> TRY IT
If a line of the data below contains the string "with", copy it into your answer.

> PROVIDED ENTRIES
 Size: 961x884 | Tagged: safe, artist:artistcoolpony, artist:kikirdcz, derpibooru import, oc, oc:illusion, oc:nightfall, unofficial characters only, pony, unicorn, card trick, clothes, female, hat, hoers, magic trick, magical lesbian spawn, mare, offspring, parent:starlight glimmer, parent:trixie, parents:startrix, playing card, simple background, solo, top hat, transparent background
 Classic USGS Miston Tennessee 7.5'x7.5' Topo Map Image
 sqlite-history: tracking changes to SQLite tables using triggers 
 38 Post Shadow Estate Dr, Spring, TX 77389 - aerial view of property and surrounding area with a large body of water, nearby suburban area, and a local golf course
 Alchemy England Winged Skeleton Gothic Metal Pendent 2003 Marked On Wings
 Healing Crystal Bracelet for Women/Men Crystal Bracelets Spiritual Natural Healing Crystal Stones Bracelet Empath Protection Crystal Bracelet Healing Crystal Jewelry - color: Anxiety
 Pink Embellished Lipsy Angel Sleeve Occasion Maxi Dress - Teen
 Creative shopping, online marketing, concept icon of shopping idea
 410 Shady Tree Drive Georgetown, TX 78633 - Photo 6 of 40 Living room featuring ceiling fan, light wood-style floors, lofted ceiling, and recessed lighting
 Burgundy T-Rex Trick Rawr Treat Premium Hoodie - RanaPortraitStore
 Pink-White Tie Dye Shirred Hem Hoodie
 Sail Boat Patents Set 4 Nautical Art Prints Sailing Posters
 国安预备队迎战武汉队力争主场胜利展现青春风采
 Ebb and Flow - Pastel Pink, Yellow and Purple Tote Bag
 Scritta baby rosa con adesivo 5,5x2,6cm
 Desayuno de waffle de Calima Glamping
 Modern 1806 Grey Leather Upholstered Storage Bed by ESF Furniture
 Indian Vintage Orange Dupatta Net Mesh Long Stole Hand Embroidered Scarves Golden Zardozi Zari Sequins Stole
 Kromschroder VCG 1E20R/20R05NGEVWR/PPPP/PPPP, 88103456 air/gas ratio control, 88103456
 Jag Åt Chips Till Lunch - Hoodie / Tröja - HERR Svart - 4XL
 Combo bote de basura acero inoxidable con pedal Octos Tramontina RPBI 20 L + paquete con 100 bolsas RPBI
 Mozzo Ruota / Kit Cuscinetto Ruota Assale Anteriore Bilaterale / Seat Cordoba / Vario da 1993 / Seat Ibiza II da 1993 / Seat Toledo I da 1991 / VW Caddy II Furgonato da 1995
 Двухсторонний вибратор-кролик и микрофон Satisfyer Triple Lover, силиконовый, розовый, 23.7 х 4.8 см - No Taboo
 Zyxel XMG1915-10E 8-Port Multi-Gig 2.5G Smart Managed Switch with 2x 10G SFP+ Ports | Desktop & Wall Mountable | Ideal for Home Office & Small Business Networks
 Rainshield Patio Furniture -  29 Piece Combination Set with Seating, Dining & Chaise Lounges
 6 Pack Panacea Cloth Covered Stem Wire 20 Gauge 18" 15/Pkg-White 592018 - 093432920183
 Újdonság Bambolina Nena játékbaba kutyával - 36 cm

> RESULT
 38 Post Shadow Estate Dr, Spring, TX 77389 - aerial view of property and surrounding area with a large body of water, nearby suburban area, and a local golf course
 Zyxel XMG1915-10E 8-Port Multi-Gig 2.5G Smart Managed Switch with 2x 10G SFP+ Ports | Desktop & Wall Mountable | Ideal for Home Office & Small Business Networks
 Rainshield Patio Furniture -  29 Piece Combination Set with Seating, Dining & Chaise Lounges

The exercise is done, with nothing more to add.